Interacting with space is a constant challenge for Visually Impaired People (VIP) since spatial information in Humans is typically provided by vision. Sensory Substitution Devices (SSDs) have been promising Human-Machine Interfaces (HMI) to assist VIP. They re-code missing visual information as stimuli for other sensory channels. Our project redirects somehow from SSD’s initial ambition for a single universal integrated device that would replace the whole sense organ, towards common encoding schemes for multiple applications.
SAM-Guide will search for the most natural way to give online access to geometric variables that are necessary to achieve a range of tasks without eyes. Defining such encoding schemes requires selecting a crucial set of geometrical variables, and building efficient and comfortable auditory and/or tactile signals to represent them. We propose to concentrate on action-perception loops representing target-reaching affordances, where spatial properties are defined as ego-centered deviations from selected beacons.

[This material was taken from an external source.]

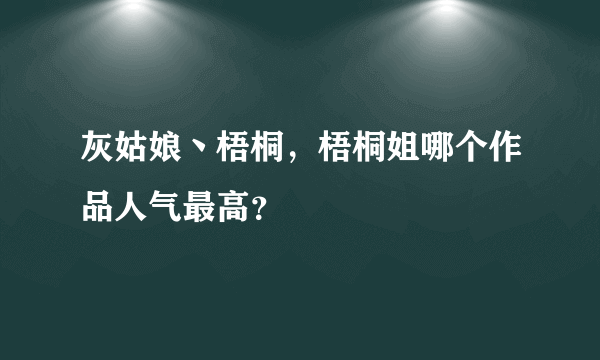 灰姑娘丶梧桐，梧桐姐哪个作品人气最高？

The same grammar of cues could better help VIP to get autonomy along with a range of vital or leisure activities. Among such activities, the consortium has advances in orienting and navigating, object locating and reaching, laser shooting. Based on current neurocognitive models of human action-perception and spatial cognition, the design of the encoding schemes will lay on common theoretical principles: parsimony (minimum yet sufficient information for a task), congruency (leverage existing sensorimotor control laws), and multimodality (redundant or complementary signals across modalities). To ensure an efficient collaboration all partners will develop and evaluate their transcoding schemes based on common principles, methodology, and tools. An inclusive user-centered “living-lab” approach will ensure constant adequacy of our solutions with VIP’s needs.

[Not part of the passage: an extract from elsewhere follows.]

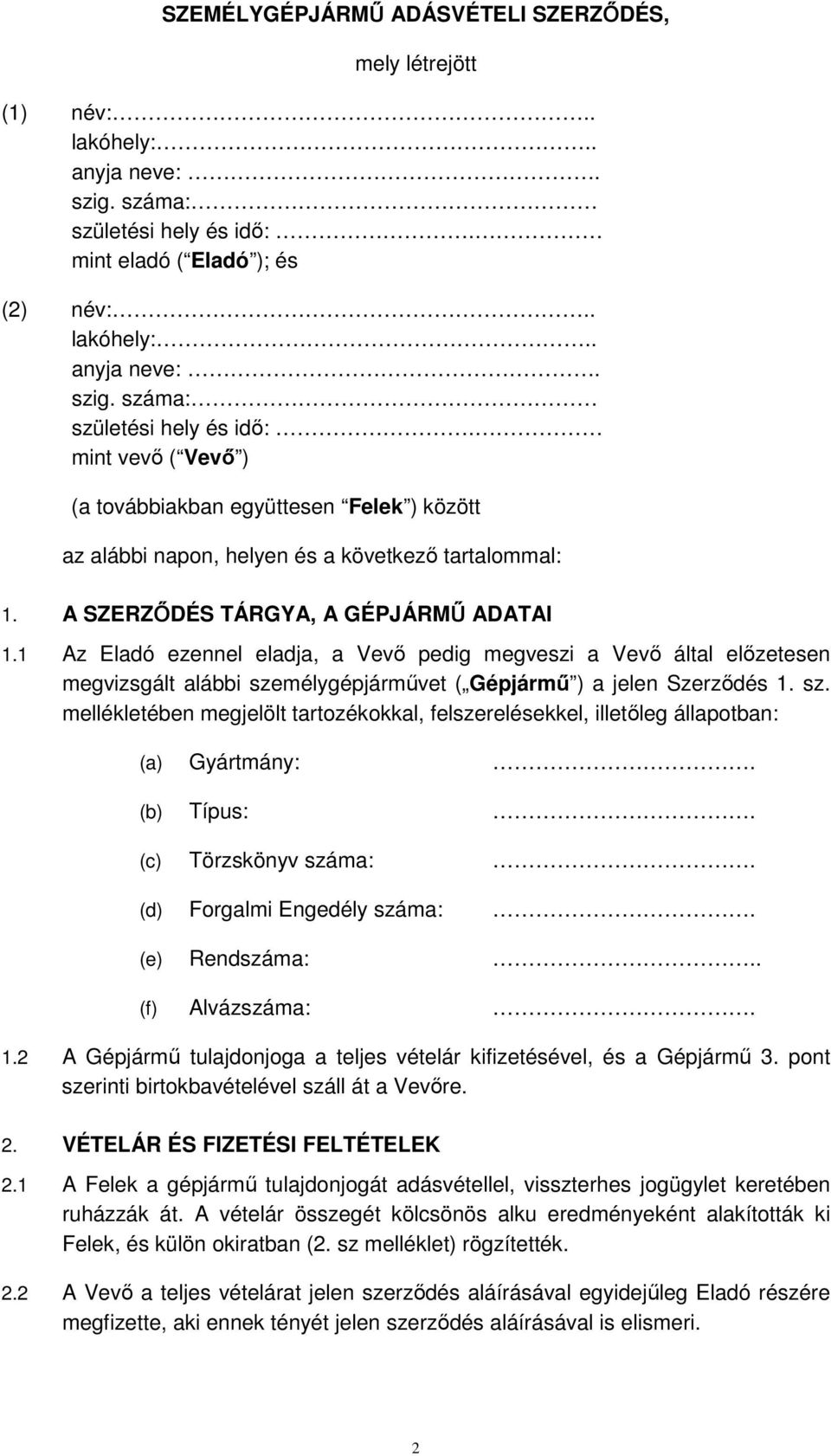 mint vevő ( Vevő ) (a továbbiakban együttesen Felek ) között az alábbi napon, helyen és a következő tartalommal: 1. A SZERZŐDÉS TÁRGYA, A GÉPJÁRMŰ ADATAI 1.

Five labs (three campuses) comprising ergonomists, neuroscientists, engineers, and mathematicians, united by their interest and experience with designing assistive devices for VIP, will duplicate, combine and share their pre-existing SSDs prototypes: a vibrotactile navigation belt, an audio-spatialized virtual guide for jogging, and an object-reaching sonic pointer. Using those prototypes, they will iteratively evaluate and improve their transcoding schemes in a 3-phase approach: First, in controlled experimental settings through augmented-reality serious games in motion capture (virtual prototyping indeed facilitates the creation of ad-hoc environments, and gaming eases the participants’ engagement). Next, spatial interaction subtasks will be progressively combined and tested in wider and more ecological indoor and outdoor environments. Finally, SAM-Guide’s system will be fully transitioned to real-world conditions through a friendly sporting event of laser-run, a novel handi-sport, which will involve each subtask.
SAM-Guide will develop action-perception and spatial cognition theories relevant to nonvisual interfaces. It will provide guidelines for the efficient representation of spatial interactions to facilitate the emergence of spatial awareness in a task-oriented perspective. Our portable modular transcoding libraries are independent of hardware consideration. The principled experimental platform offered by AR games will be a tool for evaluating VIP spatial cognition, and novel strategies for mobility training. Systems and libraries will provide solutions for more VIP autonomy in indoor and outdoor activities, including sports (e.g. laser-run). SAM-Guide’s results could also contribute to industries relying on Human-Machine interactions, such as cobotics, smart prosthesis & wheelchairs, and to the development of more immersive AR or VR games. However, our primary concern is VIP’s quality of life, by increased autonomy, access to new forms of leisure, and easier participation in our society.